Wellington: A commanding knock of 90 by Ambati Rayudu saw India wrap up their one-day international series against New Zealand 4-1 when they won Sunday's final match in Wellington by 35 runs.
Rayudu rescued India from a disastrous start when the visitors were four for 18, steering his side to 252.
New Zealand's top order also went cheaply, before a 67-run stand by Kane Williamson and Tom Latham for the fourth wicket.
But after they went in quick succession Yuzvendra Chahal led a spin assault that saw the hosts all out for 217, with Chahal taking three lbw decisions for 41.
When Rohit Sharma won the toss and elected to bat the pressure was on India to bounce back from their paltry 92-run defeat in the fourth ODI.
For a time it looked as if another failure was looming when Matt Henry and Trent Boult ripped out the first four wickets in under 10 overs.
But when the swing bowlers were taken out of the equation, Rayudu and Vijay Shankar toyed with the attack as New Zealand used another five bowlers in a fruitless search for a wicket.
They put on 98 for the fifth wicket before Shankar was run out at 45 through miscommunication.
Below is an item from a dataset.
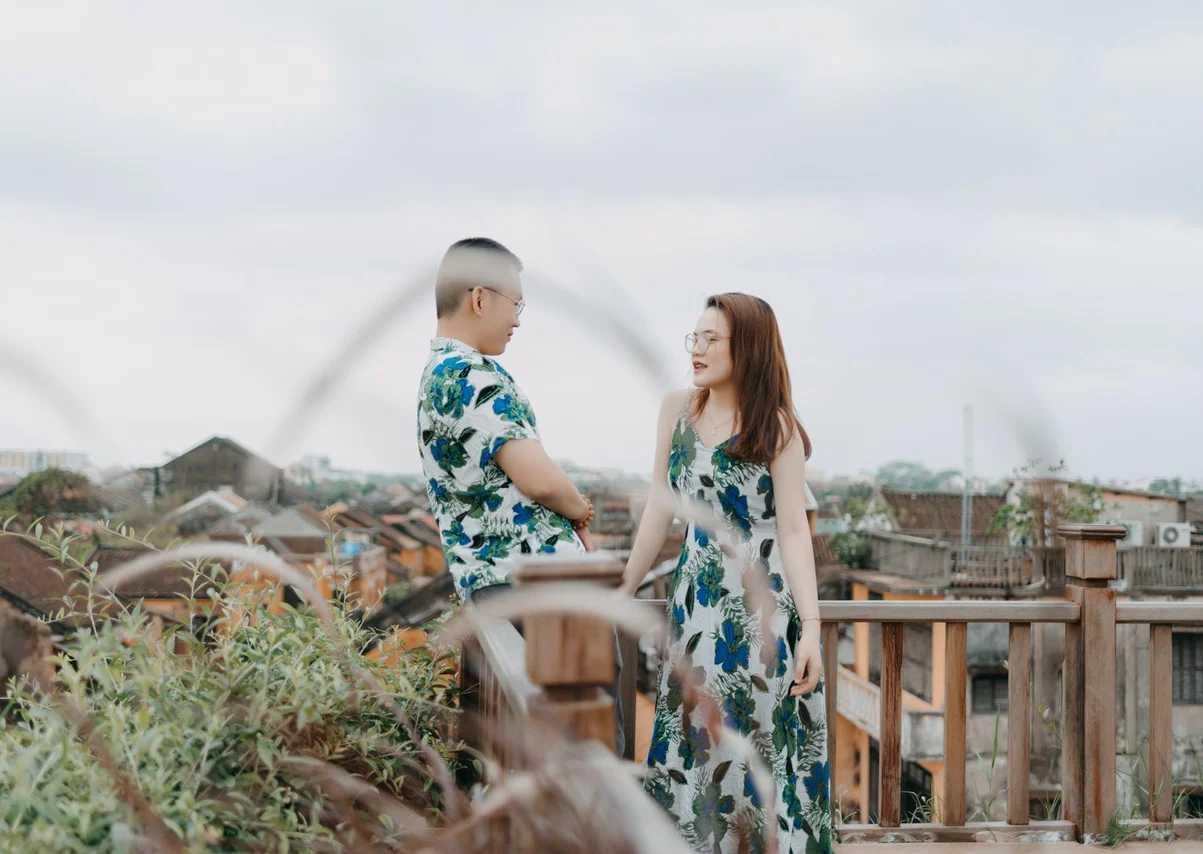 пара на крыше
Rayudu faced 84 deliveries to reach 44 and only 27 balls for his remaining 46 runs in an innings that included eight fours and four sixes.
He had a life on 60 when dropped by Boult and was eventually removed when Henry, New Zealand's most successful bowler, came back for his second spell.
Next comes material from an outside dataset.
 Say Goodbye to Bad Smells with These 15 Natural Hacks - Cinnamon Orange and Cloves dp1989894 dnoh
Hardik Pandya provided late fireworks for India with 45 off 22 deliveries, while Henry finished with four for 35.
The New Zealand top order did not fare well with Colin Munro, recalled to replace an injured Martin Guptill, bowled on 24 after failing to make the most of his lifeline.
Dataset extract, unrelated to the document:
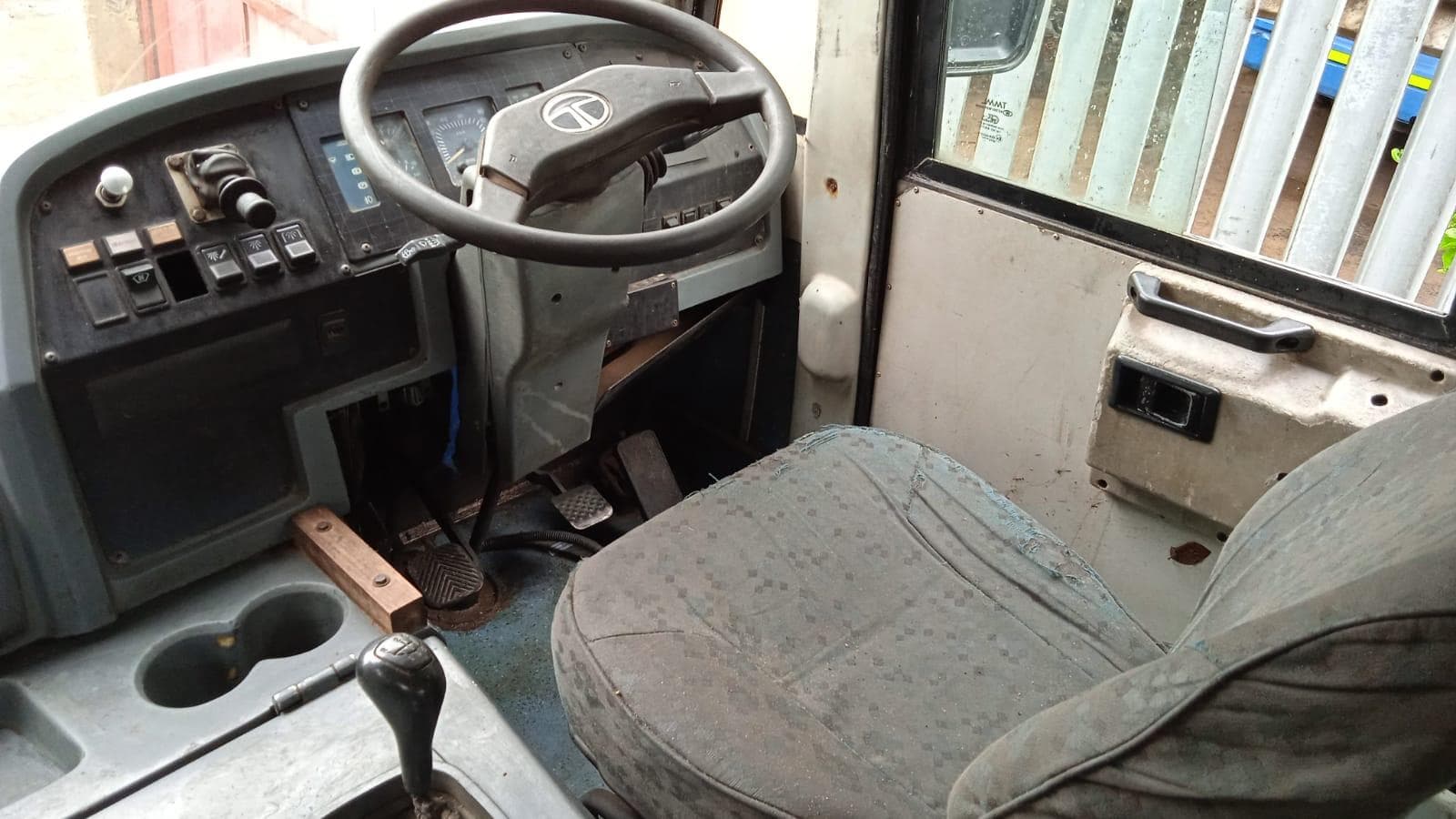 Autocarro Tata · — imagem 10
Ross Taylor faced four balls for one run before he was given out lbw and walked off without seeking a review only for television replays to show the ball would have missed the stumps.
It left New Zealand at three for 38 when Latham joined Williamson and grafted away for more than 15 overs.
Williamson went for 39 and Latham followed three overs later for 37.
James Neesham threatened to get New Zealand up to their target when he whacked 44 off 32 deliveries before inexplicably running himself out.
When India fruitlessly appealed for a leg before decision, Neesham stepped out of his crease in search of a possible leg bye, unaware the ball had been picked up by wicketkeeper MS Dhoni who had an easy shot at the stumps.
The series now moves on to three Twenty20 matches beginning in Wellington on Wednesday.